===== DATA BELOW =====

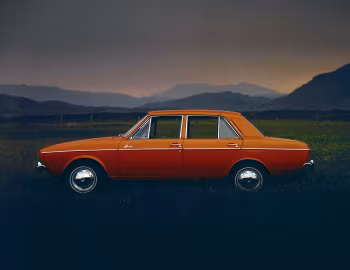 Hillman Hunter Sedan [UK-spec] '1968–72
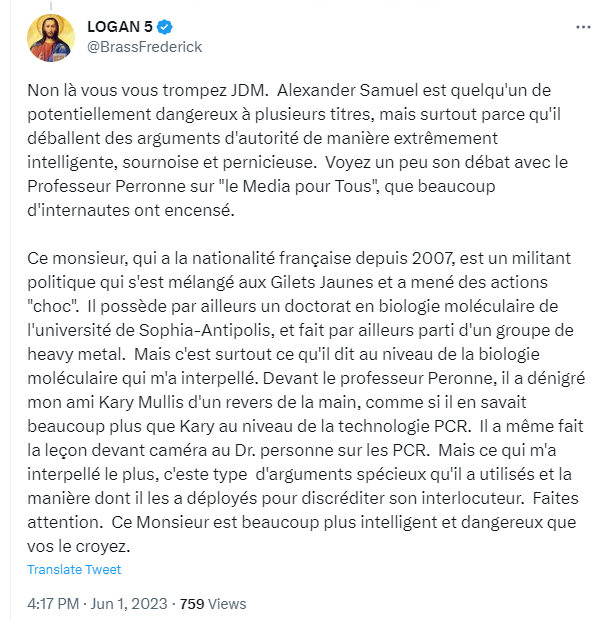 Pr Mathieu Molimard on Twitter "RT Drmartyufml La meute de l’IHU est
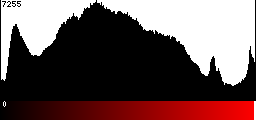 Red Histogram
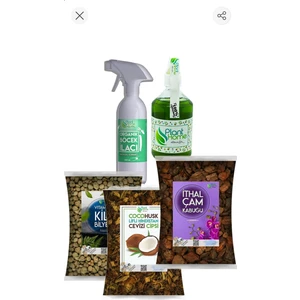 Plant Home Orkide Bakım Ürünleri Planthome Powermix 5'li Set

=====

Copy out the listing above in full and leave out its pictures.

EXPECTED OUTPUT —
 Hillman Hunter Sedan [UK-spec] '1968–72
 Pr Mathieu Molimard on Twitter "RT Drmartyufml La meute de l’IHU est
 Red Histogram
 Plant Home Orkide Bakım Ürünleri Planthome Powermix 5'li Set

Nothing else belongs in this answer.